Thermal sensors measure infrared light emitted from the landscape. “Thermal imagery, which we are going to start testing this year, tends to have a better correlation to plant stress [than NDVI imagery]. The idea with thermal imagery is that a plant with sufficient moisture can evapotranspiratemore and so it can cool itself down and won’t be as hot as a plant stressed by low moisture,” Derdall says.
Passive microwave radiometers measure naturally emitted microwaves from the earth. He notes, “Passive microwave imagery relates to some work with Heather McNairn’s group on the SMAP [Soil Moisture Active Passive] project. There’s a model that correlates the surface soil moisture to emissivity readings that we’re capturing with these passive microwave sensors.”

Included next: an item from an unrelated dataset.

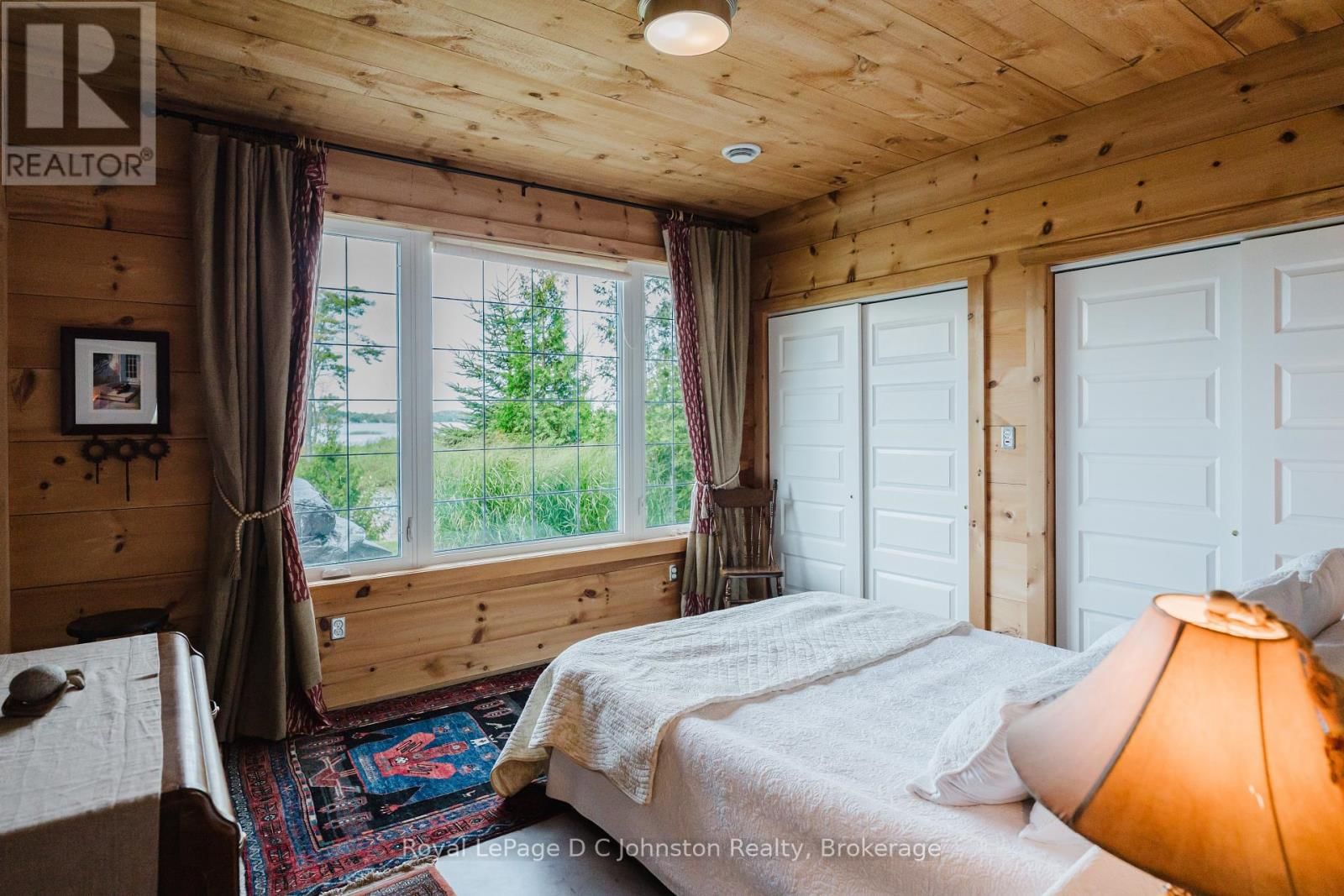 11 LAKE DRIVE Image 17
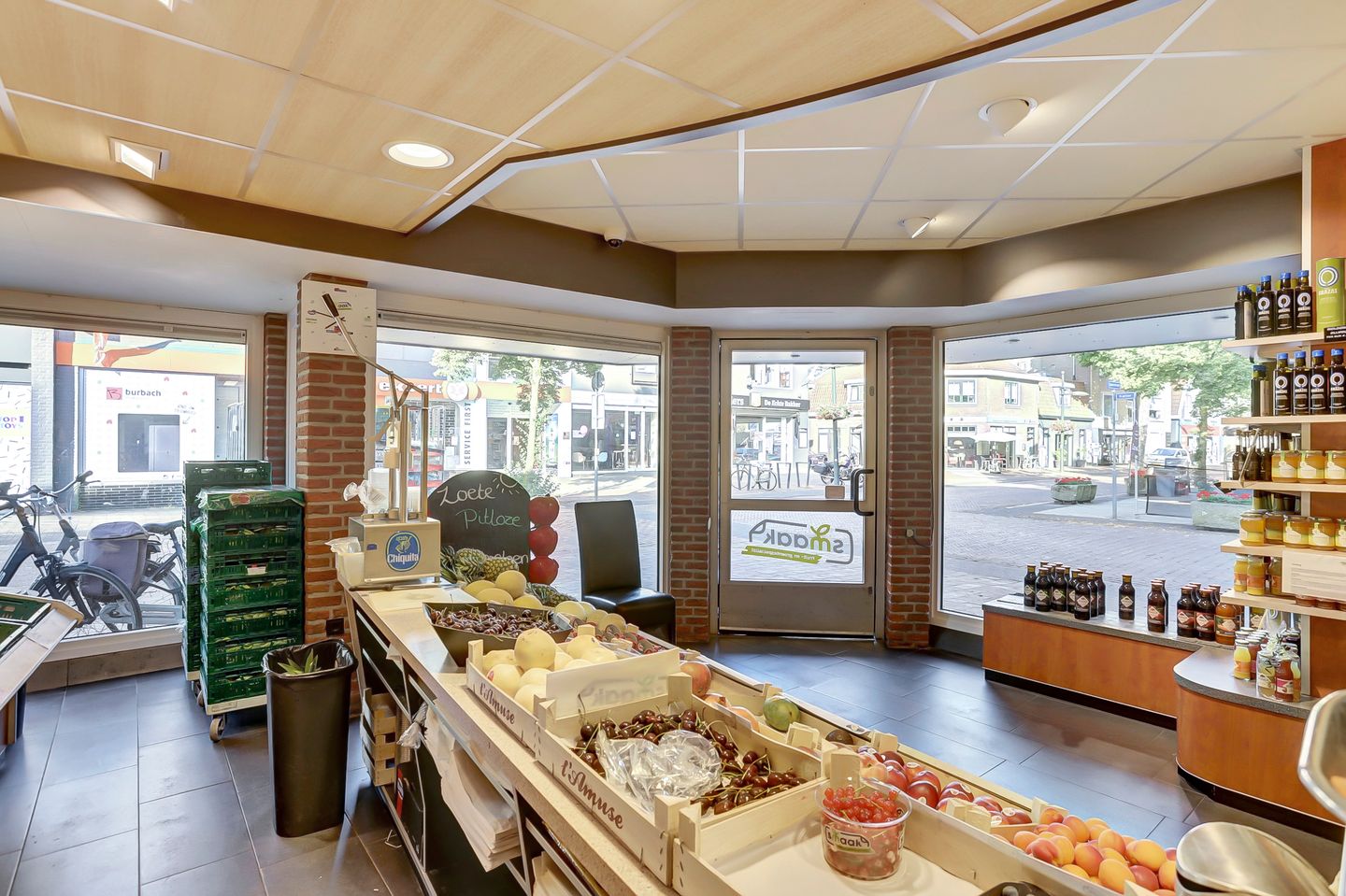View photo 2 of Spoorstraat 36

One of the difficulties with interpreting passive microwave imagery for VRI prescriptions relates to how deep the sensor can detect soil moisture and what that means in terms of the amount of water in the crop’s root zone. For instance, Derdall says, “We have learned that passive microwave imagery tends to measure the soil moisture in the top couple of inches in loamy soils. But in a very sandy soil, it is actually sensing quite a bit deeper because it can move through sands better.”
Workshops in 2019
“One of the reasons we got into this research was that many of the farmers we were dealing with would get these prescription maps and follow them, but based on their own historical knowledge of the field, they recognized that the prescription didn’t make sense for water applications in some parts of the field,” Derdall says. “So, we are trying to develop that knowledge and understanding so farmers can better interpret the imagery and apply it to their situation.”
Based on what Derdall and his project team learn from the Saskatchewan and Manitoba studies, they will be creating training materials on VRI prescriptions. They plan to develop recommendations outlining how to use each of the technologies to map a field and how to interpret the resulting imagery to create meaningful VRI prescription maps. Derdall notes, “Each of the sensor technologies will work to some extent; one might be better than another, but there are cost-benefit trade-offs.”
As well, the researchers are planning to develop a decision-support tool to help farmers assess whether VRI would be economical for a particular field. Derdall explains that the equipment for applying variable rate irrigation is still quite expensive and can range from about $20,000 to $40,000. “So, for example, if you have a uniform, flat field, then VRI doesn’t make sense,” he says.
The project team hopes to hold several VRI prescription map workshops for farmers and ag service providers in 2019 – possibly one in the Lethbridge area, one in the Outlook area, and one in the Carberry-Brandon area. Both ADF and AAFC will be providing funding for the workshops.